The problem: Reproduce the first line of the material below and each line after it, exactly, through the line containing "Customizable Adjustable Name", and give nothing more.

==== Extracted entries ====

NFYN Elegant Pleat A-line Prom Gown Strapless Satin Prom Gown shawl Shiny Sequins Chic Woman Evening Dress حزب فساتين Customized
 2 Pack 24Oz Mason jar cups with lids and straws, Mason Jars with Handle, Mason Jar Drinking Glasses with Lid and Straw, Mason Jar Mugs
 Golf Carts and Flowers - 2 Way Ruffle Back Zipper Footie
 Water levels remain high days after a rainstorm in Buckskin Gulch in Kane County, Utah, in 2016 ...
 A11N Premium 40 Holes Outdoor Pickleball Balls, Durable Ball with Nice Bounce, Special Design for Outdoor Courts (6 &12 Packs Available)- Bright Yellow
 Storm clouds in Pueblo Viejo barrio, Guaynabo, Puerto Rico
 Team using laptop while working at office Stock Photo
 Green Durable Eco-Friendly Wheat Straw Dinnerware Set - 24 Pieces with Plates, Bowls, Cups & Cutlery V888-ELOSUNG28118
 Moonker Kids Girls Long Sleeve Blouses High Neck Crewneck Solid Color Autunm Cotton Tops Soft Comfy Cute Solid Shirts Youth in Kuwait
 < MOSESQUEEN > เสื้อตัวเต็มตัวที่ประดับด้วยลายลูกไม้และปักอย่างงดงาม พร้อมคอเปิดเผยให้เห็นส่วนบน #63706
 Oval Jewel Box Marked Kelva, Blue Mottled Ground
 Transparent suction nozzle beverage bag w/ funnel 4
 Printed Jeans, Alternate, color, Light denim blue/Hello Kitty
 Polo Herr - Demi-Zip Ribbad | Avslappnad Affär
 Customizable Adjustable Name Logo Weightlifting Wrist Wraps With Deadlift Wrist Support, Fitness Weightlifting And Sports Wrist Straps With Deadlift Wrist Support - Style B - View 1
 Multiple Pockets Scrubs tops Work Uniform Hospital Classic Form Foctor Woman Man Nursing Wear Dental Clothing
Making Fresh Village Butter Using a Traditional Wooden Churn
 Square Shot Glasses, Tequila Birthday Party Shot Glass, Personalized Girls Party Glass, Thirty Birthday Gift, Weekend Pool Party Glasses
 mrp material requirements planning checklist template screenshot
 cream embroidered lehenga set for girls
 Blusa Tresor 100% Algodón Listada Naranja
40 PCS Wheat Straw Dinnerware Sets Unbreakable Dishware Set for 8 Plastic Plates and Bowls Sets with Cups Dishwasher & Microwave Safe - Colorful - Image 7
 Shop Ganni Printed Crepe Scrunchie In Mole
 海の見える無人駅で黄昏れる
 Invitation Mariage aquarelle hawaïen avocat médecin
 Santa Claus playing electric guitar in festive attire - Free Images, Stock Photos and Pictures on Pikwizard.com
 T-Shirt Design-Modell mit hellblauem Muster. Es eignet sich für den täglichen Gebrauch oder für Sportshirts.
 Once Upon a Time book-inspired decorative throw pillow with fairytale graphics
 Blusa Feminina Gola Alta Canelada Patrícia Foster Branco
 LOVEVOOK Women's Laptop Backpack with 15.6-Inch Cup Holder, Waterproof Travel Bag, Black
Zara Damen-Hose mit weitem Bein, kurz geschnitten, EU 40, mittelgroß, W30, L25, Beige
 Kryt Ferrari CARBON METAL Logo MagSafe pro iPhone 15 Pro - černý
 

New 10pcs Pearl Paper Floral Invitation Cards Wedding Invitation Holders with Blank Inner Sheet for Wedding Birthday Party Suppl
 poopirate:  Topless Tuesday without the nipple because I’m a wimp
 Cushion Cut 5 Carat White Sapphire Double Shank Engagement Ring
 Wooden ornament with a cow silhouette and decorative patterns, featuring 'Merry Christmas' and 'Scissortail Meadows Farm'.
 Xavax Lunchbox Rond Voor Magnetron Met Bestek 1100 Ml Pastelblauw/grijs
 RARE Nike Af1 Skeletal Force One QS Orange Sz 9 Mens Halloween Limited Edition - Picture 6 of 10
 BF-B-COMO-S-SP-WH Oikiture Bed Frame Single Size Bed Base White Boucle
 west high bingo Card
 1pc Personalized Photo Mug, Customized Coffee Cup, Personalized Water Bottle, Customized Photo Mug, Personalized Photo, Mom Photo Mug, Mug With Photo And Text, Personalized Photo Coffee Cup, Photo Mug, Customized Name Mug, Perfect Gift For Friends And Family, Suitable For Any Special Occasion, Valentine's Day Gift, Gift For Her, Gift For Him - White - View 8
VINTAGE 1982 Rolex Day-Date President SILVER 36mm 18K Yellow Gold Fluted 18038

====

Expected output:
NFYN Elegant Pleat A-line Prom Gown Strapless Satin Prom Gown shawl Shiny Sequins Chic Woman Evening Dress حزب فساتين Customized
 2 Pack 24Oz Mason jar cups with lids and straws, Mason Jars with Handle, Mason Jar Drinking Glasses with Lid and Straw, Mason Jar Mugs
 Golf Carts and Flowers - 2 Way Ruffle Back Zipper Footie
 Water levels remain high days after a rainstorm in Buckskin Gulch in Kane County, Utah, in 2016 ...
 A11N Premium 40 Holes Outdoor Pickleball Balls, Durable Ball with Nice Bounce, Special Design for Outdoor Courts (6 &12 Packs Available)- Bright Yellow
 Storm clouds in Pueblo Viejo barrio, Guaynabo, Puerto Rico
 Team using laptop while working at office Stock Photo
 Green Durable Eco-Friendly Wheat Straw Dinnerware Set - 24 Pieces with Plates, Bowls, Cups & Cutlery V888-ELOSUNG28118
 Moonker Kids Girls Long Sleeve Blouses High Neck Crewneck Solid Color Autunm Cotton Tops Soft Comfy Cute Solid Shirts Youth in Kuwait
 < MOSESQUEEN > เสื้อตัวเต็มตัวที่ประดับด้วยลายลูกไม้และปักอย่างงดงาม พร้อมคอเปิดเผยให้เห็นส่วนบน #63706
 Oval Jewel Box Marked Kelva, Blue Mottled Ground
 Transparent suction nozzle beverage bag w/ funnel 4
 Printed Jeans, Alternate, color, Light denim blue/Hello Kitty
 Polo Herr - Demi-Zip Ribbad | Avslappnad Affär
 Customizable Adjustable Name Logo Weightlifting Wrist Wraps With Deadlift Wrist Support, Fitness Weightlifting And Sports Wrist Straps With Deadlift Wrist Support - Style B - View 1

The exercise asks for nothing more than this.